(Short text fragments from websites)
-=-=-

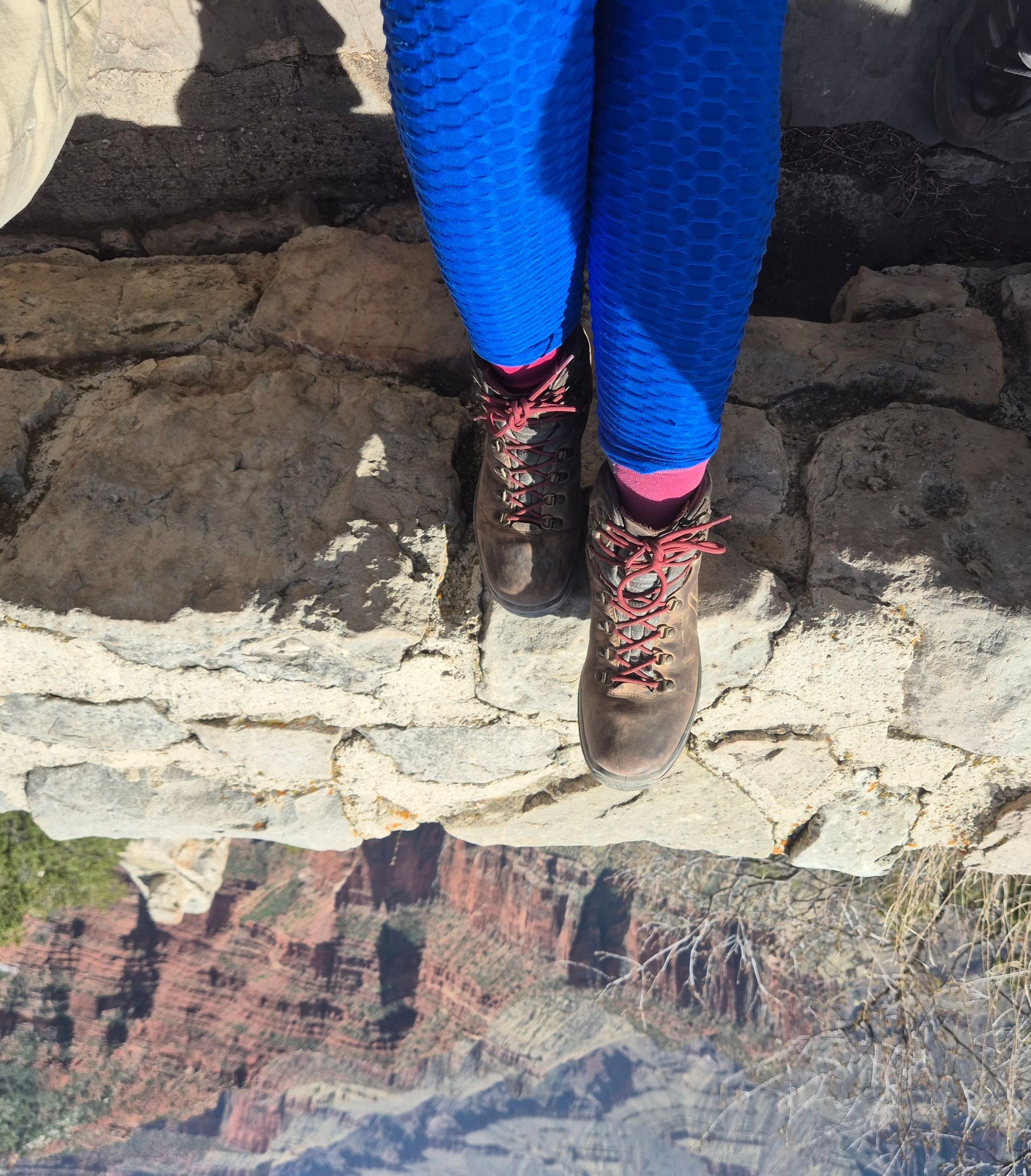 Person wearing blue leggings and hiking boots on a stone ledge overlooking a canyon.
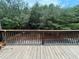 Weathered wood deck featuring dark wood railing with views of a wooded area and road at 790 Village Field Ct, Suwanee, GA 30024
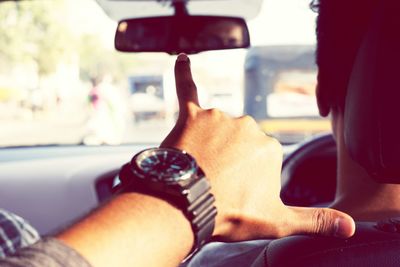 Cropped hand of man gesturing in car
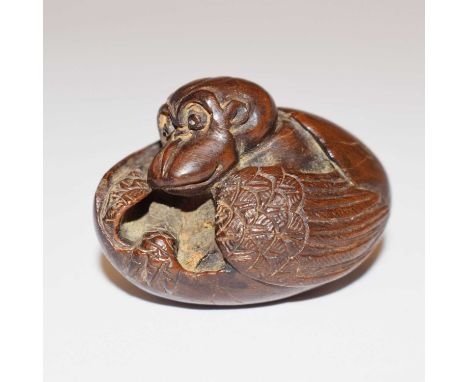 Japanese netsuke of a tengu hatching out of its egg, indistinctly signed, 4.5cm long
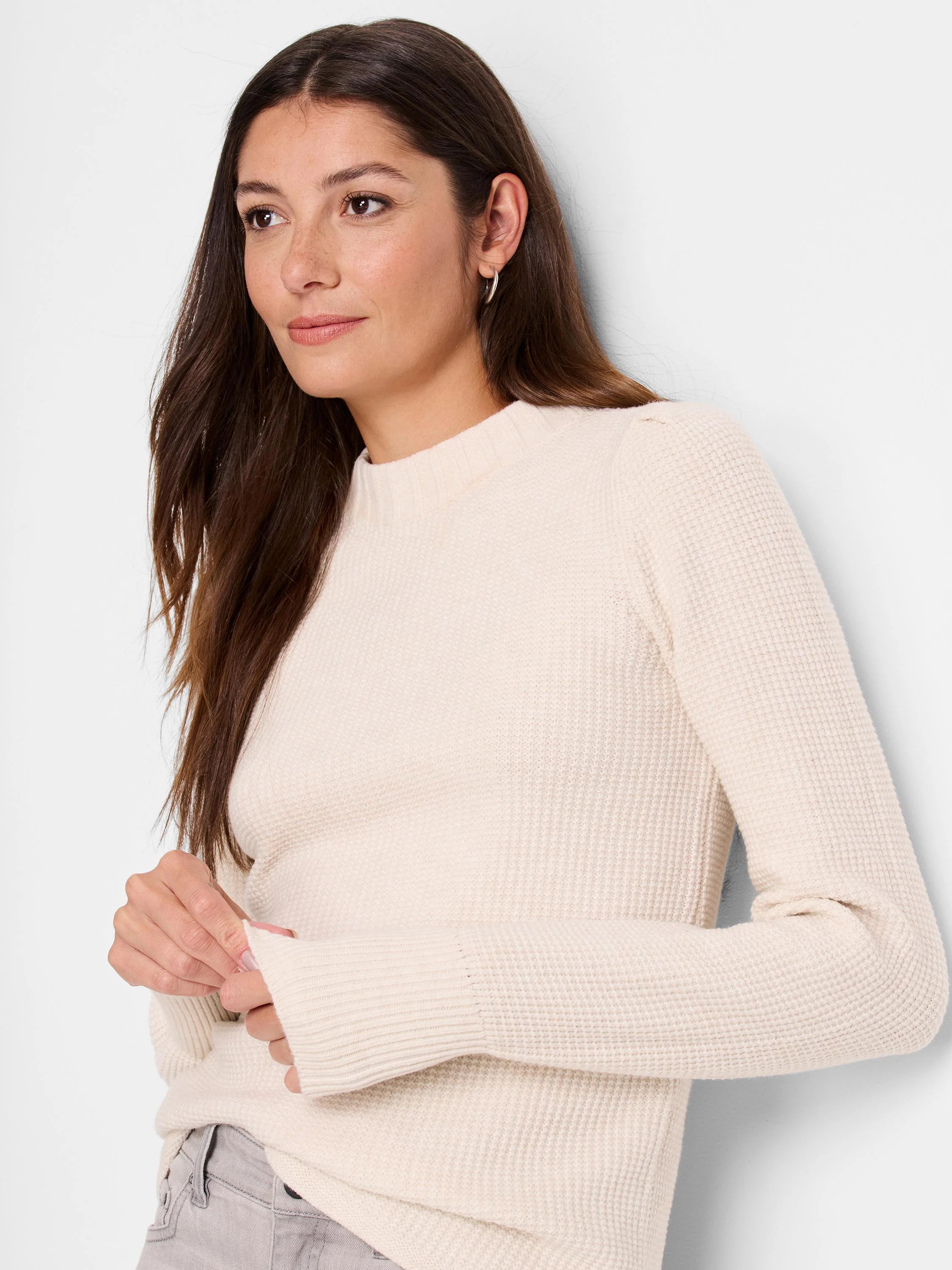 Off-white waffle-knit sweater, long sleeves, crew neck. Textured fabric.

-=-=-

Exercise prompt: Word for word, restate all of the entries above and leave each picture out.

Answer section:
 Person wearing blue leggings and hiking boots on a stone ledge overlooking a canyon.
 Weathered wood deck featuring dark wood railing with views of a wooded area and road at 790 Village Field Ct, Suwanee, GA 30024
 Cropped hand of man gesturing in car
 Japanese netsuke of a tengu hatching out of its egg, indistinctly signed, 4.5cm long
 Off-white waffle-knit sweater, long sleeves, crew neck. Textured fabric.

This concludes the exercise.